# Hop Plugs Vs Flowers



## QldKev (2/5/12)

Chatting to another brewer last night about some hop plugs I got, and their response was "they are not as good as flowers". I've always considered plugs as good as uncompressed flowers, can you tell the difference?

QldKev


----------



## Ross (2/5/12)

QldKev said:


> Chatting to another brewer last night about some hop plugs I got, and their response was "they are not as good as flowers". I've always considered plugs as good as uncompressed flowers, can you tell the difference?
> 
> QldKev




They are identical to flowers, just compressed into a plug for easier handling (feeding English casks).
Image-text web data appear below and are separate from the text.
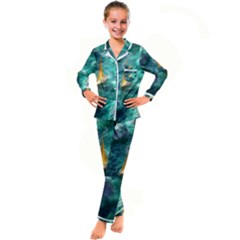 Dolphins Sea Ocean Water Kids  Satin Long Sleeve Pajamas Set by Cemarart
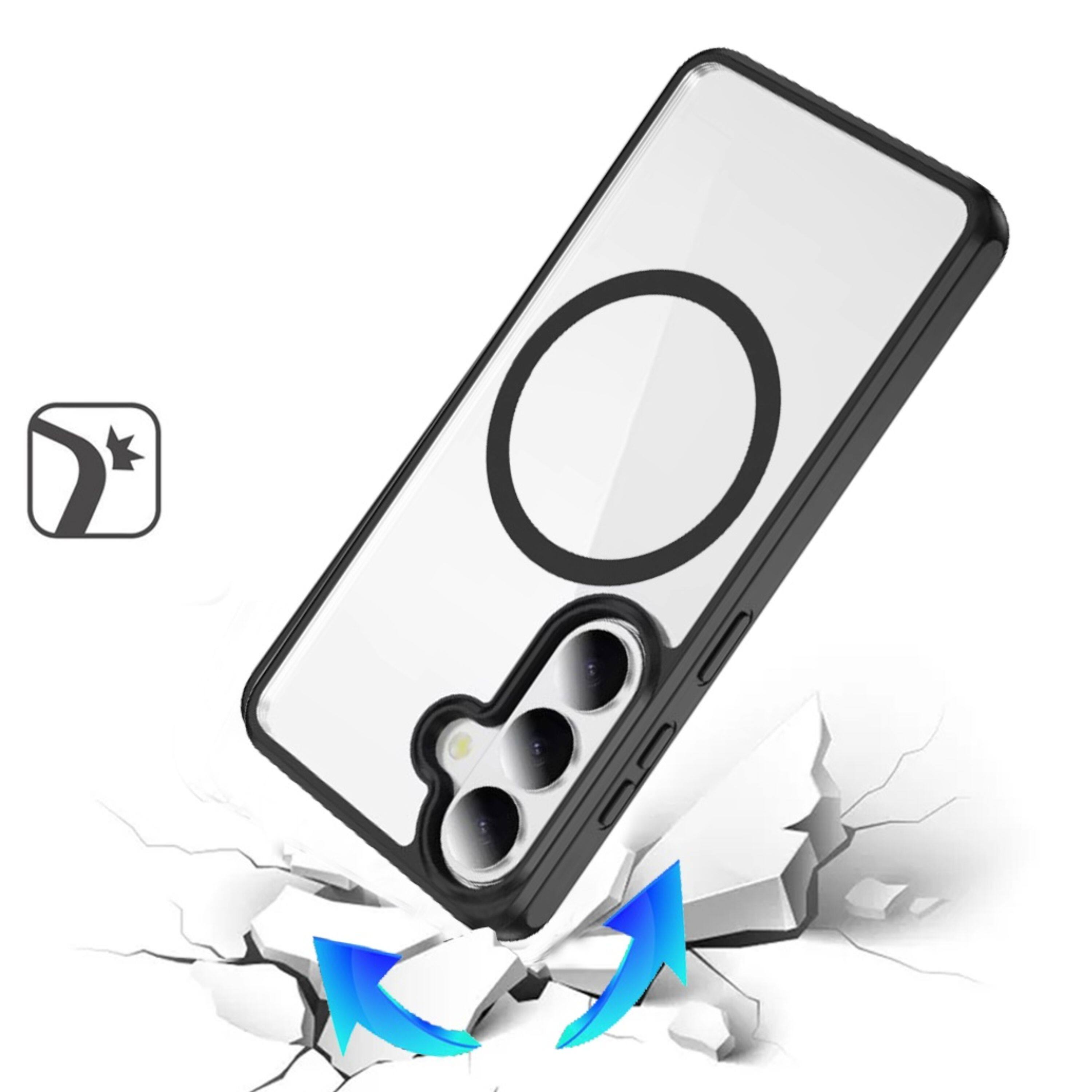 Angle. Kitcheniva - Shockproof Magnetic Circle Phone Case With Tempered Glass For Samsung Galaxy S26 Black - Black.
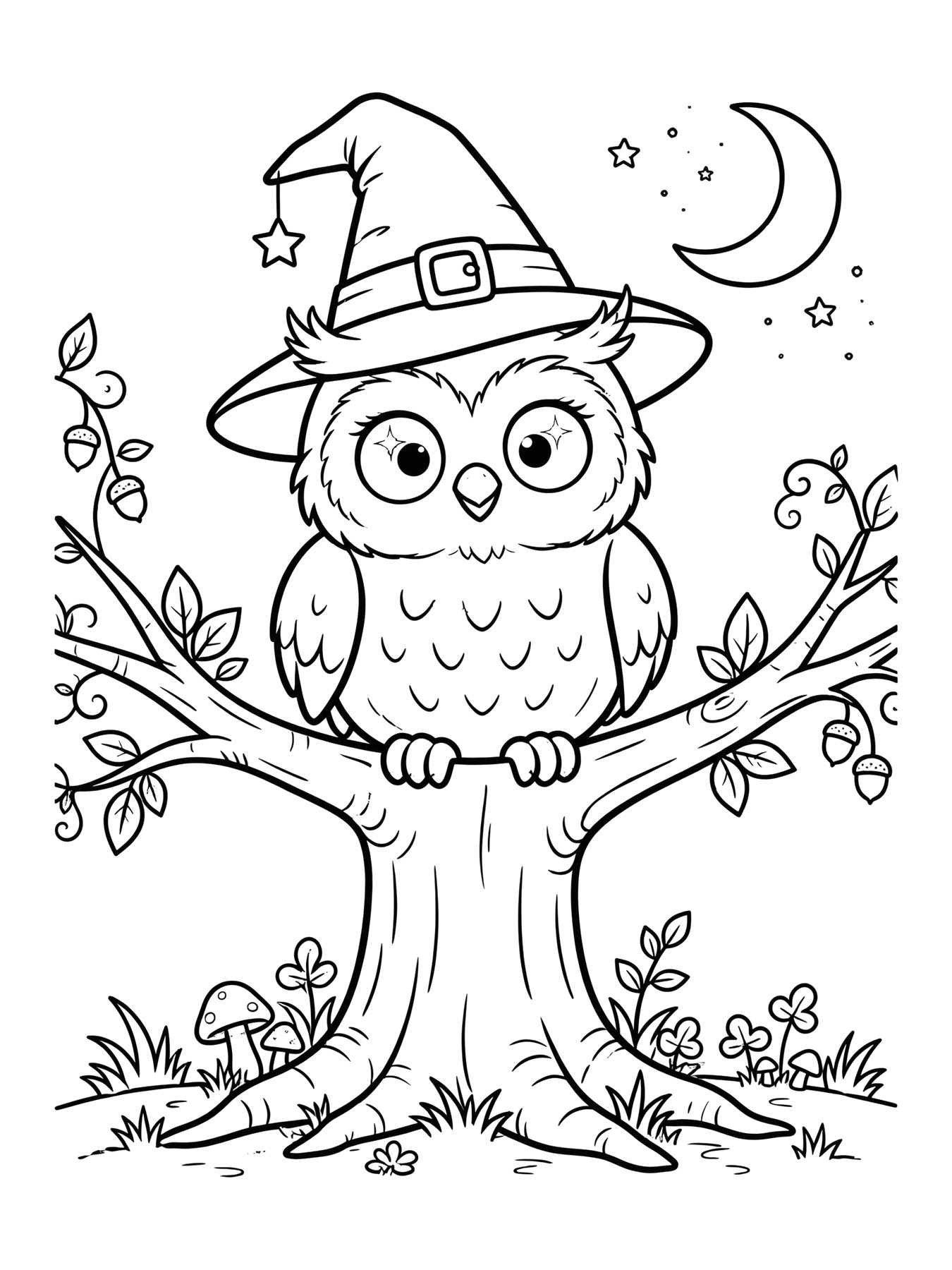 Desenho de coruja com chapéu de bruxa em um galho para colorir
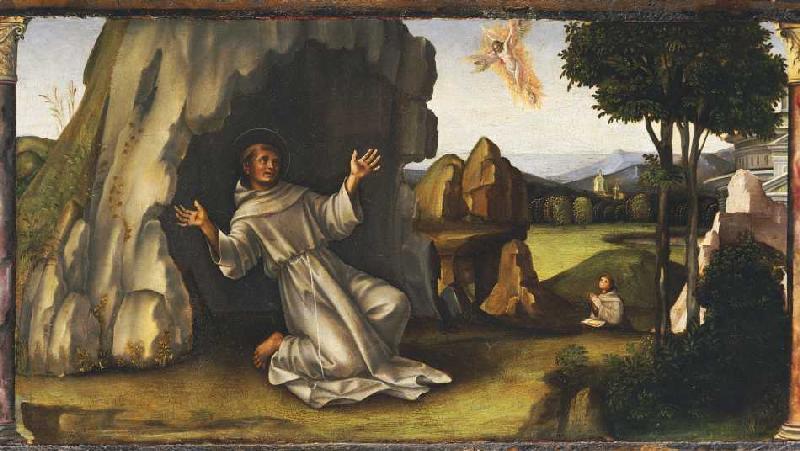 Der hl. Franz von Assisi erhält die Wundmale from Francia, (eigentl. Francesco Raibolini)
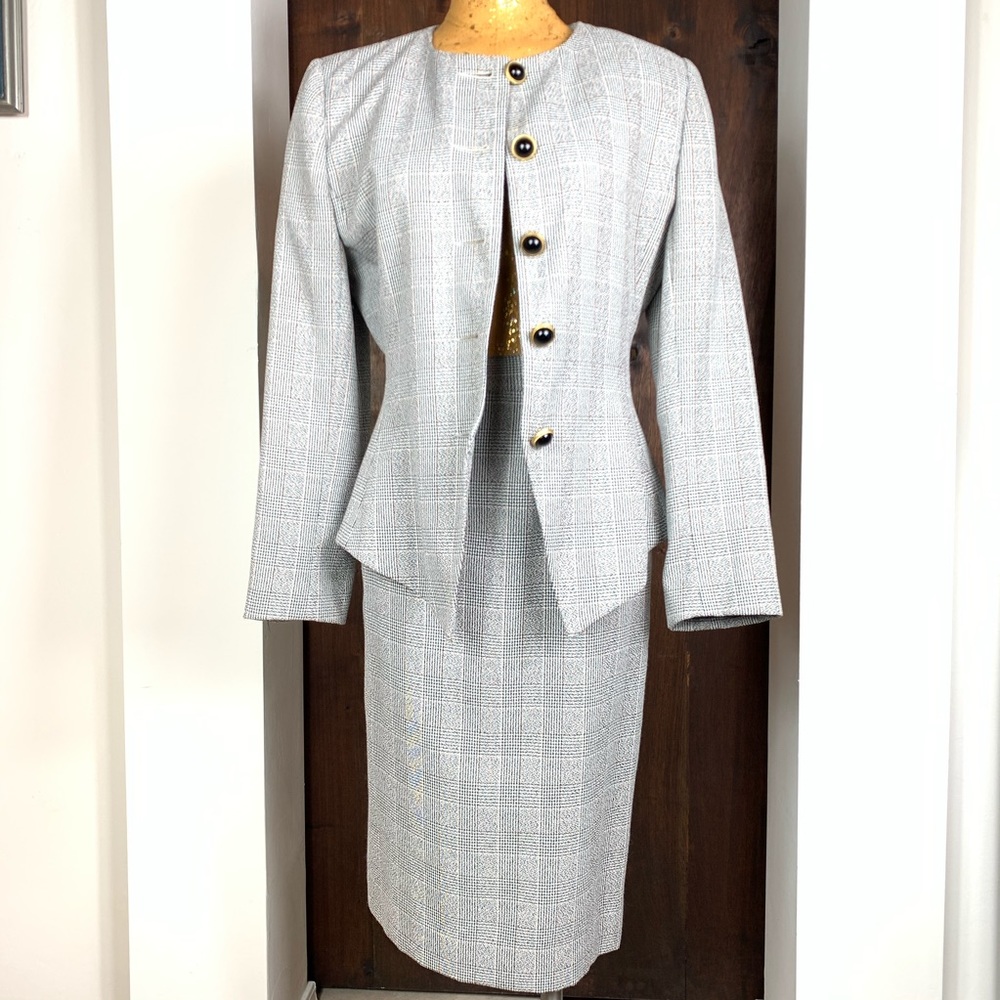 E.R GERARD Vintage Plaid Skirt Suit Size 10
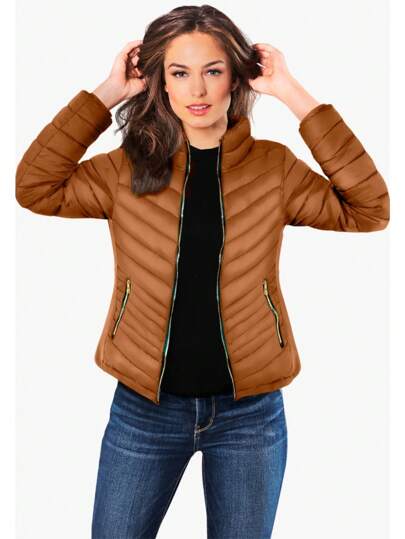 Chamarra Chaqueta Cazadora Dama Elastico en Costados Peluche Interno Moda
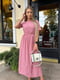 Рожева сукня-міді із шовкового софту в квітковий принт | 6846796 | фото 3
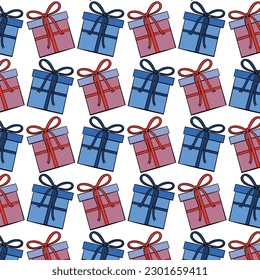 Fun colorful line doodle seamless pattern. Creative minimalist style art background for children or trendy design with basic shapes. Simple party confetti texture, childish scribble shape backdrop.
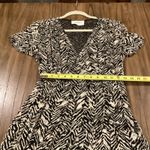 Ba&sh  Zelie Tiered Satin long Maxi Dress Animal Print Black White V neck 6 Photo 5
The added bonus is they store much better than loose flowers as only a small surface area is exposed to the air.
I'm intrigued to what this brewers reasons were behind their comment?

Cheers Ross


----------



## QldKev (2/5/12)

I should clarify too, this brewer is just a local home brewer who started AG a bit after me. 


What I got from it was the cell structure became damaged during the compression causing the compounds to become more unstable. I didn't think there was an excessive force in compressing them into plugs that could do this. At the time I just shrugged it off, but it just got me thinking maybe he could have been correct. 

Personally I can't tell any difference. 


QldKev


----------



## bigfridge (2/5/12)

Ross said:


> They are identical to flowers, just compressed into a plug for easier handling (feeding English casks). The added bonus is they store much better than loose flowers as only a small surface area is exposed to the air.
> I'm intrigued to what this brewers reasons were behind their comment?
> 
> Cheers Ross




I agree with Ross that they should be considered equivalent. While the purist will say that there is some damage to the lulipin glands during compression, they are certainly the best alternative that we can get here down under.

In the HB situation there are so many other variables that you can control that will influence the hop character present in th eglass.


----------



## black_labb (2/5/12)

there may be a difference when they are extremely fresh, but I'd suggest that plugs could end up being better than flowers after a short while.


----------